FFWD Weekly
Copyright © 2000. All Rights Reserved

Film
by FFWD Staff

Blood Simple
starring M. Emmet Walsh, Frances McDormand and John Getz
directed by Joel and Ethan Coen
Opens Friday, August 25
Plaza Theatre

Blood Simple is one of those rare, unforgettable movies that has too many great moments to really pick one as a favourite. It was the first feature film by Joel and Ethan Coen, and the talent they burned to make it provided only a glimmer of the brilliance they’d achieve later on in films like Barton Fink, Miller’s Crossing and Fargo. Still, those subsequent films all have their roots in Blood Simple, a masterful debut by any estimation, and a film that very much deserves the cosmetic restoration it recently enjoyed to bring it up to the Coens’ standards for a theatrical re-release.

It is a pleasure to see this film back in theatres, just to witness M. Emmet Walsh’s misanthropic Texan private dick in all his wheezy, ruddy-faced, hayseed glory, coming on like Orson Welles’s Hank Quinlan with a hangover and an overabundance of conventional wisdom.

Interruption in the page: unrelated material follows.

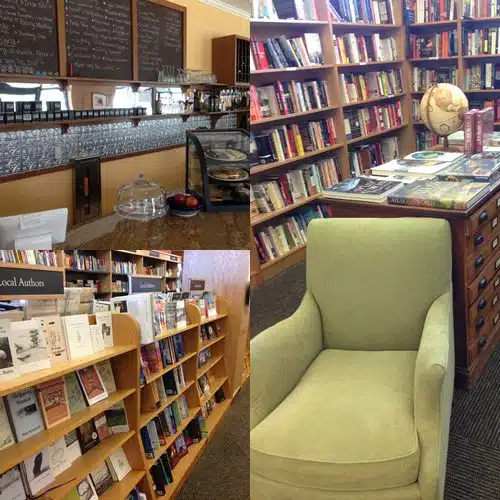 A cozy bookstore cafe with shelves of books, a brown display cabinet topped with a globe, an olive green armchair, and a counter with stacked glasses and a dessert display.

But for all the similarities between the two characters, Quinlan, as a cop who trusted hunches over evidence, was still in some respects a toady for justice, while Walsh’s gumshoe is just a greedy scumbag who’s still too much of a coward, or a moralist, to play both ends against the middle in the name of personal prosperity. It may be only a supporting role but Walsh’s wise-cracking detective is central to this tale of mistrust, betrayal and murder in rural Texas.

The story concerns Ray (John Getz), a roadhouse bartender who’s screwing around with his boss’s girlfriend (Frances McDormand). The boss, played by Dan Hedaya, is a remarkably schleppy loser with a mean streak, who doesn’t lie down and die all that easily, though. Enter Walsh’s character, who the bar owner pays $10,000 to kill the adulterous flies in his sweaty ointment. It all goes to hell from there, and pretty soon you wonder whether any of these bumblers can stay out of the fire long enough to save their own skin.

It’s a pretty standard noir set-up, but even in their first film, that trademark Coen deadpan comedy and those subtle sight gags were already on display. It’s amazing what can be done with some venetian blinds and different coloured gels for the lights, and the Coens milk all the tension from their surprisingly funny script using many noir motifs, and show off their familiarity with the genre even as they transform it into something distinctly their own. Joel Coen really does some amazing things with very little light in this movie, and the final sequence in McDormand’s loft apartment is probably the most noteworthy.

Peppered as it is with homages to Hitchcock, and even Charles Laughton’s Night of the Hunter, you’ll never forget the conclusion of Blood Simple for Walsh’s piercing howl, his famous last words, or the look on his face as the last drip drops.